It is evident that the entire transaction had its inception in the violation of a positive federal statute, and the approval by the county court of the compromise in a manner not in accordance with the state statutes could imaprt no validity or binding force to such compromise attempted to be made by the settlement.
Nearly the identical proposition contended for by defendant was passed upon adversely by this court in the case of Tidal Oil Co. v. Flanagan, 87 Okla. 231, 209 Pac. 729, where it is said in the opinion:
“Counsel for the plaintiff in error very earnestly insist that although the judgment of the district court of Creek county quieting the title to the lands in Arnold, Hyams, and Lawison be void, this fact does not invalidate the compromise settlements between the guardian of Robert Marshall and Arnold approved by the probate court of Creek county. * * * The guardian of Marshall, and Arnold, Hyams, and Lawison, in entering into ‘the compromise agreements, were attempting to make agreements conveying an interest in restricted allotted Indian lands. Such lands may not be conveyed or title acquired except in the manner prescribed by law.”
The main questions submitted by counsel for defendant in their brief were considered and disposed of in Tidal Oil Co. v. Flanagan, in which ease it appears that the same instruments relied upon by the defendant and pleaded in its answer were by this court held absolutely void.
“A conveyance of allotted restricted Indian lands made in violation of a federal statute authorizing Tie alienation of such lands is against public policy and absolutely void and in no manner can any right, title, or interest in such lands be acquired in such a conveyance.” Tidal Oil Co. v. Flanagan, supra.

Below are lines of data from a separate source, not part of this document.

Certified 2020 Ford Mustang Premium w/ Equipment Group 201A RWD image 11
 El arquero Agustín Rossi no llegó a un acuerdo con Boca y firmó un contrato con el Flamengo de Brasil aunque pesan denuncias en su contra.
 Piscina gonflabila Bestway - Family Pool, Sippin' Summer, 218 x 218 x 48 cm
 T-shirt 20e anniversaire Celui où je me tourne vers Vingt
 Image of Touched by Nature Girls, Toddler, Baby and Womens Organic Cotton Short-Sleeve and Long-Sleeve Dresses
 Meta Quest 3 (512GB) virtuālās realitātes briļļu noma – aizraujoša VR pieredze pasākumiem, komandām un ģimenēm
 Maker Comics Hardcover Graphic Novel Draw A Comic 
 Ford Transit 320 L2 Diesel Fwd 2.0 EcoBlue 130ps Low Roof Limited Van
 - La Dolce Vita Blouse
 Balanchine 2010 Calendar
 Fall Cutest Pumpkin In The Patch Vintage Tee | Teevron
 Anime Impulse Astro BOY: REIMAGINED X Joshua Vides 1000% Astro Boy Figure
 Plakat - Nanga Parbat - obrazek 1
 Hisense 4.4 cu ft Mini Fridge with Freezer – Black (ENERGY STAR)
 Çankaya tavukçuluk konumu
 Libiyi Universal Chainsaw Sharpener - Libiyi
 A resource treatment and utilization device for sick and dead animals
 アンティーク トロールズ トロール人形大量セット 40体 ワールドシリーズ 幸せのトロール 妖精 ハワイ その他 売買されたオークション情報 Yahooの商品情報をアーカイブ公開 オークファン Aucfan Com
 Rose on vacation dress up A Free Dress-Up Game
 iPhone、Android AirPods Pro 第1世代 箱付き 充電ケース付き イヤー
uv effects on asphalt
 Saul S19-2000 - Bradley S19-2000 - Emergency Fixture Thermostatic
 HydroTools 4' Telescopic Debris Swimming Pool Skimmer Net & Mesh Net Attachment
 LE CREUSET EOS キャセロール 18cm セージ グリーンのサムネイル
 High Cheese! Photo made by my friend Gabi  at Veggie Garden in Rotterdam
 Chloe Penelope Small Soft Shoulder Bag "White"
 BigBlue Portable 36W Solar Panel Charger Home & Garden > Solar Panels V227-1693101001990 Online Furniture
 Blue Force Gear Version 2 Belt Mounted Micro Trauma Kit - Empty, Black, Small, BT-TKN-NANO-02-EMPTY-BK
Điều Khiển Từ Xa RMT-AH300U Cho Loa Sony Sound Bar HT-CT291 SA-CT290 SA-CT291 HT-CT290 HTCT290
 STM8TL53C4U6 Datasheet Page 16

“A test applied to a demurrer to the evidence is that all the facts which the evidence in the slightest degree tends to prove and all inferences or conclusions which may be reasonable and logically drawn from the evidence are admitted. The court cannot weigh conflicting evidence 'but it must treat the evidence drawn which is most favorable to the demurrant.” Rose v. Woldert Groc. Co., 54 Okla. 566, 154 Pac. 531.
It has been the uniform holding of this court that the minority imposed upon Indian allottees within the age prescribed in section 2 of the Act of Congress of May 27, 1908, 35 Stat. L. 312, is in the nature of a restriction on the alienation of such allottees’ lands, and 'title can only be acquired to such lands by regular probate proceeding had in accordance with the statutes in the proper county court of the state. Any deed, instrument, or contract by which an interest in such lands is attempted to be conveyed not executed in accordance with the law authorizing such conveyances is in violation of the law, and therefore contrary to public policy, and absolutely void and ineffectual as a basis of title by estoppel or otherwise. Tidal Oil Co. v. Flanagan, supra, and cases cited.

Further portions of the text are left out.